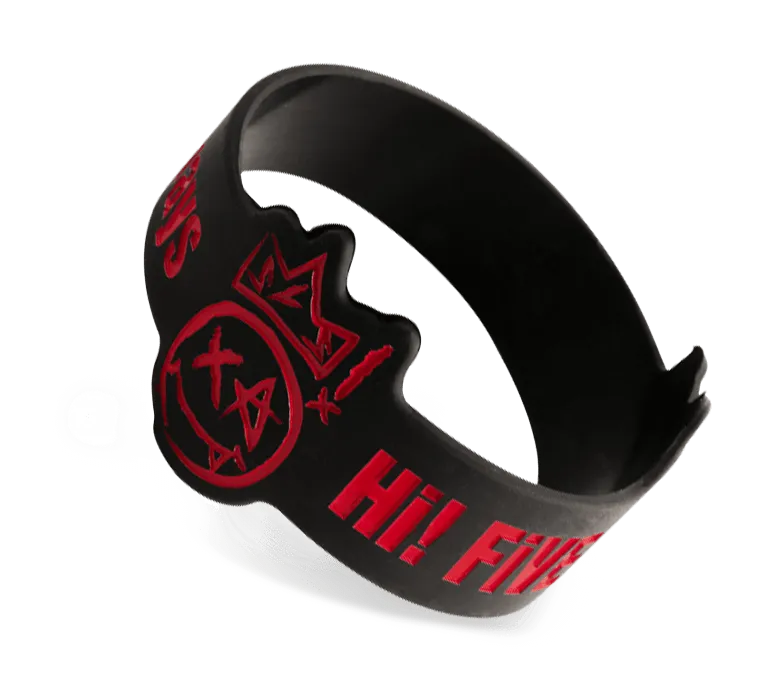 Custom Figured Silicone Wristbands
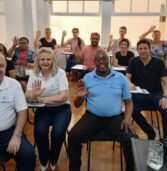 Sábado dia 15 de fevereiro de 2025, mais um Curso CEI – Capelania Evangélica Interdenominacional em nossa Sede em Belo Horizonte!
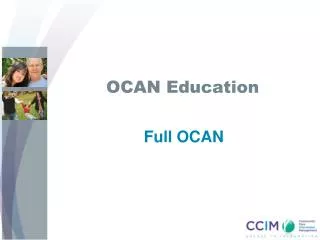 OCAN Education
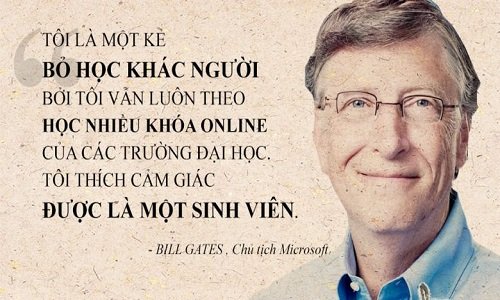 Những câu nói hay của Bill Gates về ước mơ, thành công, học tập-6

▶ _Task item_
Could you retype exactly the lines running from the one with "OCAN Education" to the end of the material above, pictures omitted?

▶ _Worked solution_
 OCAN Education
 Những câu nói hay của Bill Gates về ước mơ, thành công, học tập-6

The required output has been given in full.